What would have been a centre of social life for the human inhabitants of Pyramiden in its active days is the former canteen, which was the next port of call on the guided tour. Again, the place was full of wonderful discoveries to be made: from the large Arctic-themed mosaic in the central staircase to the empty food counters or the huge abandoned ex-kitchen.
Finally the group is led to the only place where there still is life in Pyramiden: the former hotel, which is where the current few residents looking after the place live. It also functions as a post office – tourists can send postcards with Russian stamps from here.

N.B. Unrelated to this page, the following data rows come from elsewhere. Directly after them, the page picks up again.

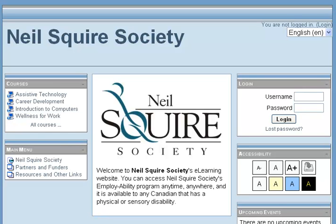Hello, my name is Chad Lehman from the Neal Squire Society. This is a presentation on navigating our e-learning site Moodle — a demonstration on how to access your coursework and navigate through the lessons.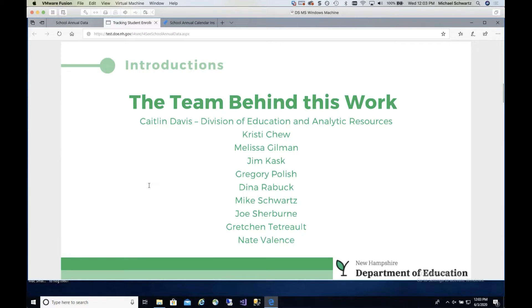There are many folks who have worked awfully hard behind the scenes, Melissa being chief among them, as well as Joe Sherburn who did most of the development. Dina Raybuck did a ton of work around the calculations used to calculate ADM, as well as all these other folks. There's been a lot of hard work under the direction of Caitlin Davis at the department.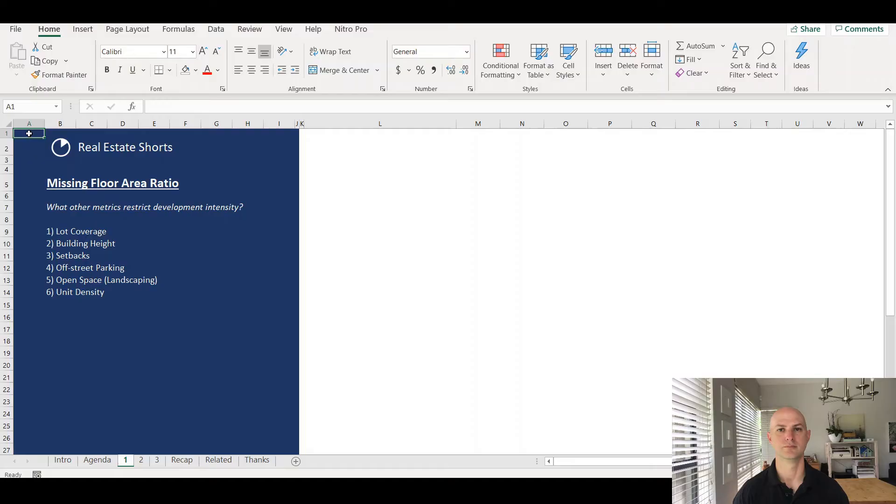We'll explore how you can still calculate development potential, some of the pitfalls and considerations to keep in mind, and from there really focus on how parking is going to be one of the primary limiting factors of how much you can build on a site. Let's get started.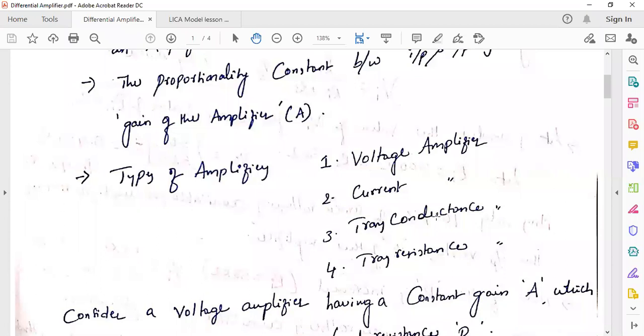We have different types of amplifiers: voltage amplifier, current amplifier, transconductance amplifier, and transresistance amplifier. A voltage amplifier has voltage input and voltage output. A current amplifier has current input and current output. A transconductance amplifier has voltage input and current output. A transresistance amplifier has current input and voltage output.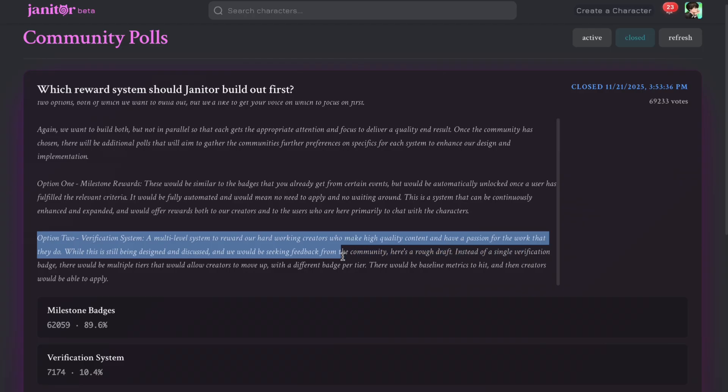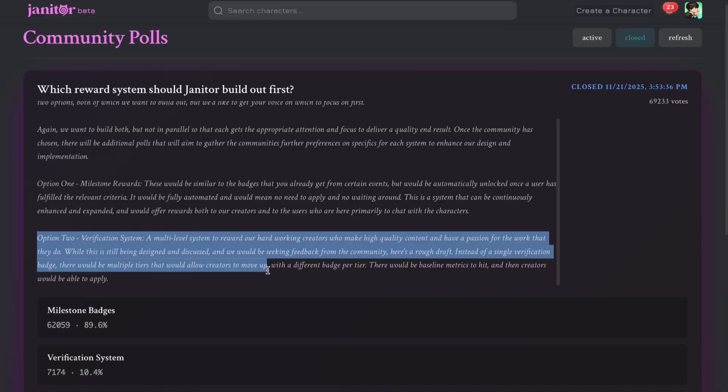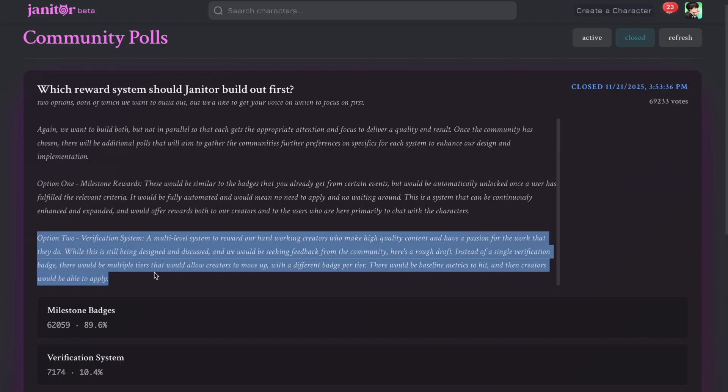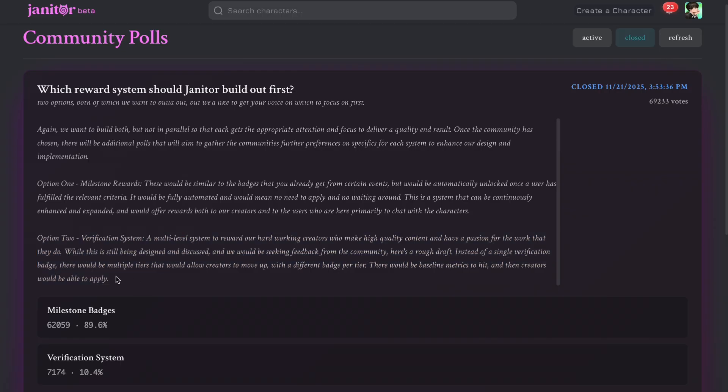Instead of a single verification badge, there would be multiple tiers that would allow creators to move up, with a different badge per tier. There would be baseline metrics to hit, and then creators would be able to apply.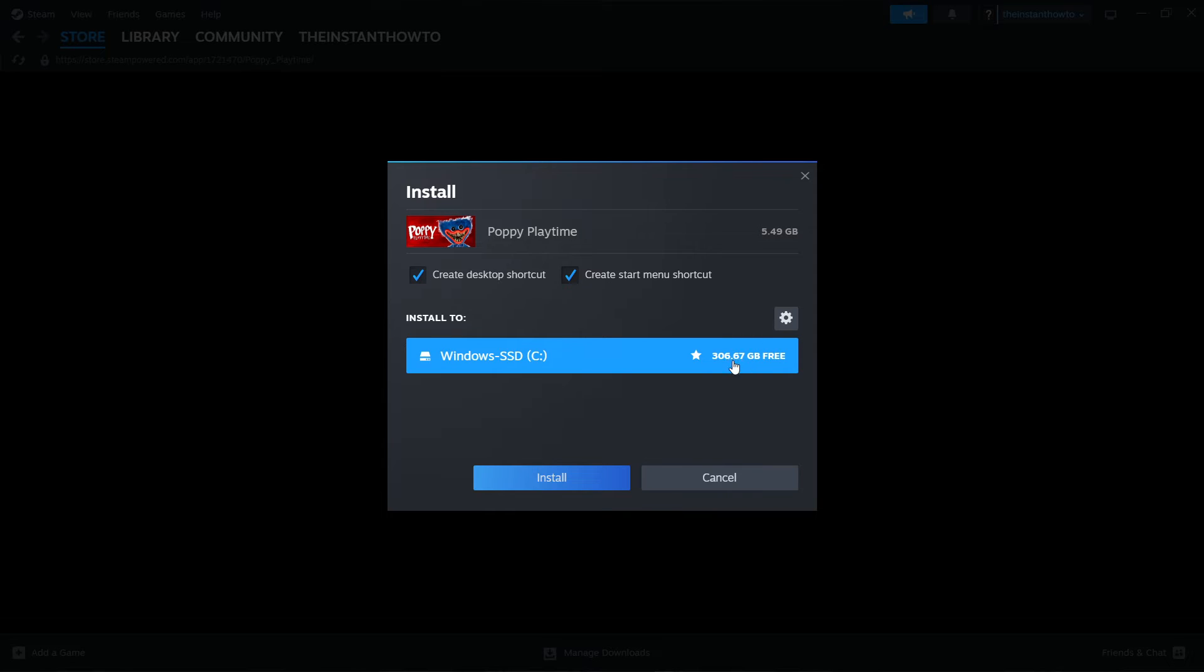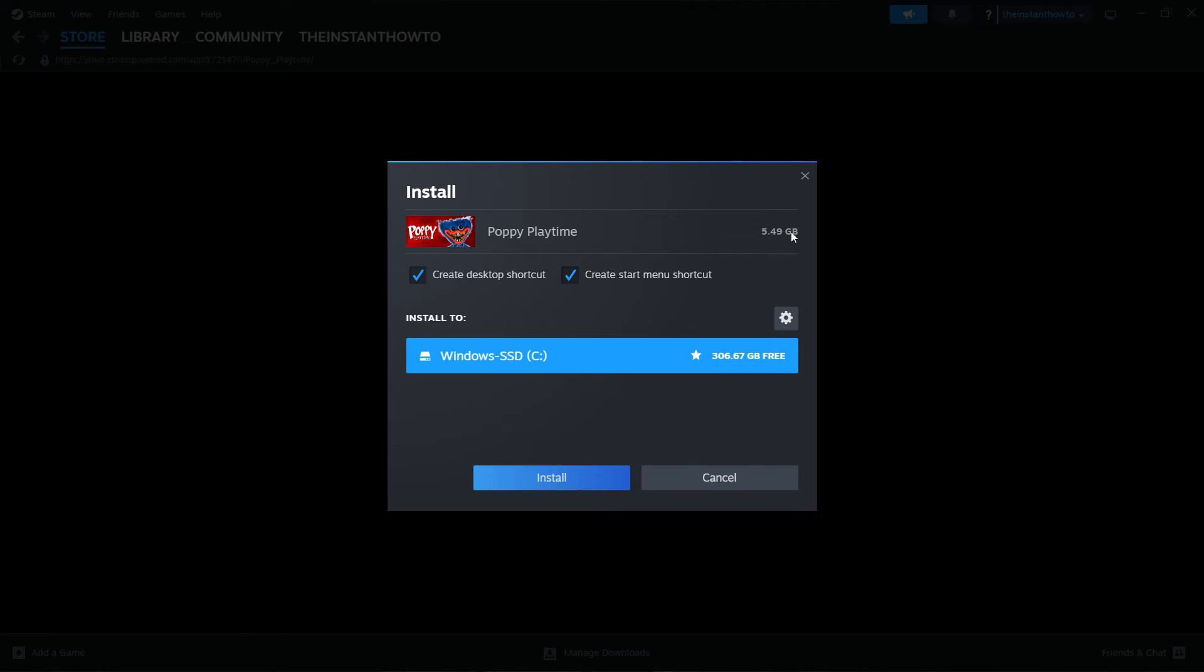You select where you want the game to be installed and you can create your desktop shortcut and start menu shortcut if you wanted to. It's 5.5 gigabytes large and then you simply click on Install and the game is going to install for you.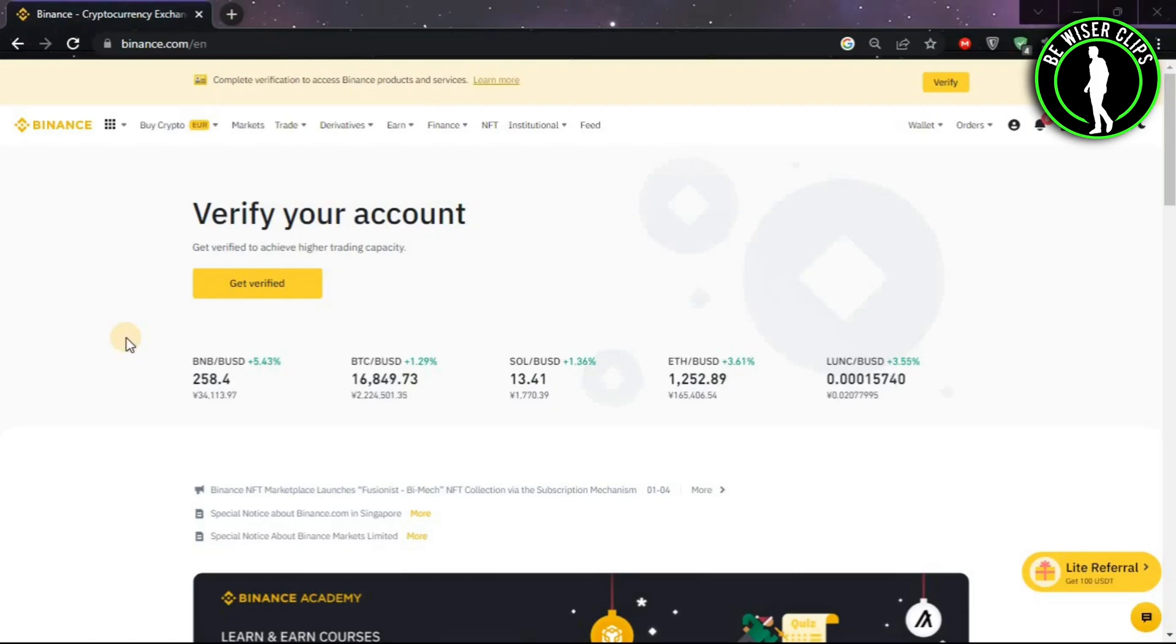Hello guys, in this video we are going to learn how to convert Bitcoin to Litecoin.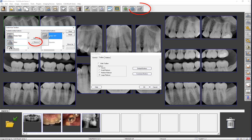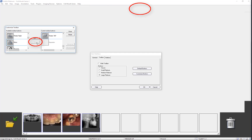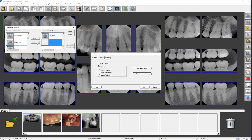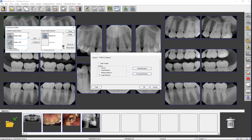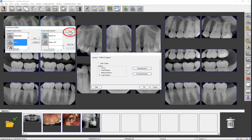Let's remove Rotate 180 degrees by clicking on it, then by clicking Remove. To rearrange the position of the button icons, click on the button icon to be moved, then click the Move Up or Move Down button until the button icon is in the desired position. You can also drag the buttons if desired. Let's again add Rotate 180 degrees by dragging the button from Available Buttons to the current toolbar buttons. The button now reappears on the toolbar.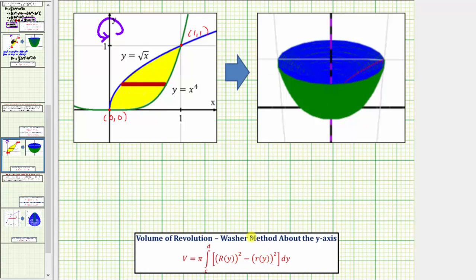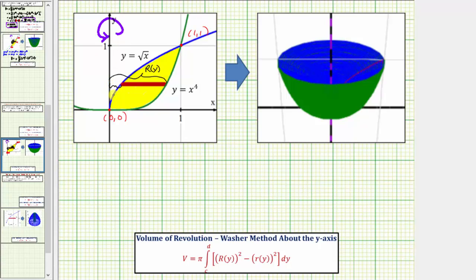Now let's determine big R of y and little r of y. Big R of y would be the outer radius — that would be the horizontal distance from the y-axis to the corresponding point on the green graph. Little r of y would be the inner radius, which would be the distance from the y-axis to the corresponding point on the blue function given by y equals the square root of x. Because these are horizontal distances, or x distances, we'll have to solve both equations for x in order to find big R of y and little r of y.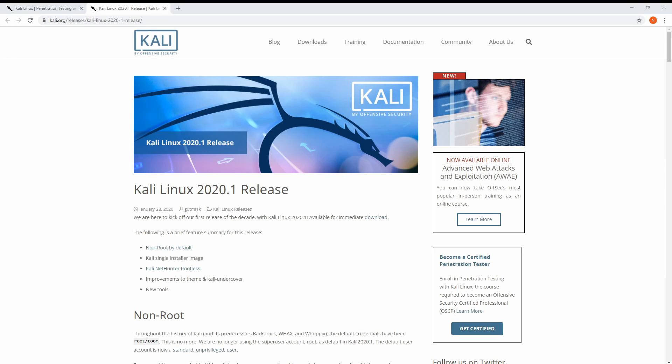Hey Savvy people, it's Savvy Nick here and today we'll be going through how to install Kali Linux. We'll first download it, then I'll explain how to flash it onto a disk, we'll boot that disk, and finally run through how to install it on an empty storage space of your choice.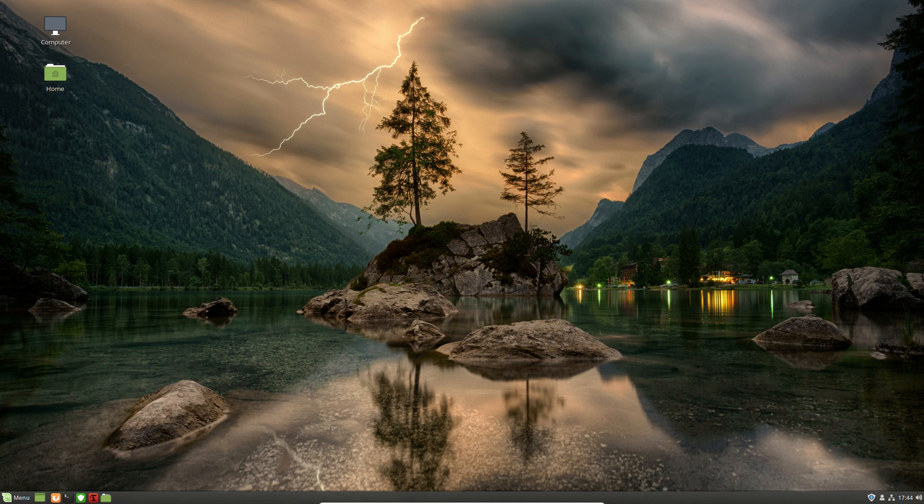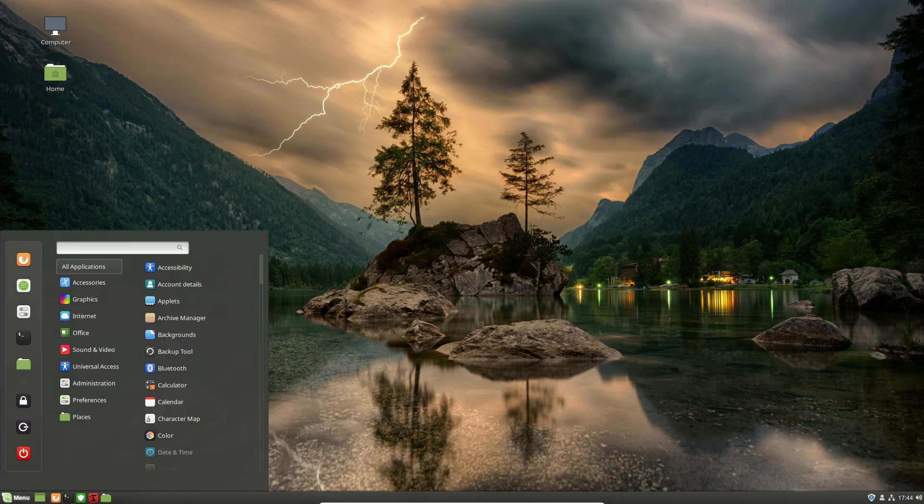G'day YouTube. So what is this high DPI support that Linux Mint will now be having in Linux Mint 19 when it does get released? This is of course a beta release that I've got on my machine at the moment.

On the ground floor is also the bar – which is possibly the liveliest, no: the only lively spot in Pyramiden today. You can buy relatively cheap drinks here (compared to Norwegian price-levels everything here was certainly a bargain) such as Russian vodka or international-brand beers etc. and also a few snacks and sweets. Some typically Russian souvenirs were on offer too, including the unavoidable matryoshka dolls. The national flag of Russia was flying at the bar as well!
In the rooms behind the bar area is a stuffy old museum of sorts that visitors can freely wander around in. It mostly contains collages of faded photos from the great old Soviet glory days of the mine, but also a few stuffed animals, including, predictably, a polar bear.
Far less predictable was something that was actually still alive – it was pointed out to me by one of the Russians who was standing at the bar when we got there. He took me to a secluded corner-window of the room and there it was: surely the world's northernmost tomato plant. It was bearing exactly one red ripe tomato fruit. Like some last beacon of the communist endeavour in this forlorn outpost … – holding up the Soviet colour against the stream of history …
Then it was time to leave, and we went outside again with cheeks still glowing from all this endearing weirdness … or maybe just from the heating indoors being cranked up so high. Russians do like it overheated!
The bus then took the visitor group back to the pier and soon we were sailing off again leaving Pyramiden behind as we headed towards Nordenskjøld glacier (see below).
All in all: in my memory Pyramiden ranks as one of the coolest places I have ever been to – a definite highlight of all the travels I undertook that year (and there were some serious contenders in that year such as Uyuni, Chacabuco or the Titan Missile silo!). No doubt, it is quite an extreme destination and not at all cheap to get to. But I found it was worth every penny.
Location: a good 30 miles (50 km) up the Isfjorden and Billefjorden bay north of Longyearbyen, at roughly 79 degrees north (!), on Spitsbergen, Svalbard.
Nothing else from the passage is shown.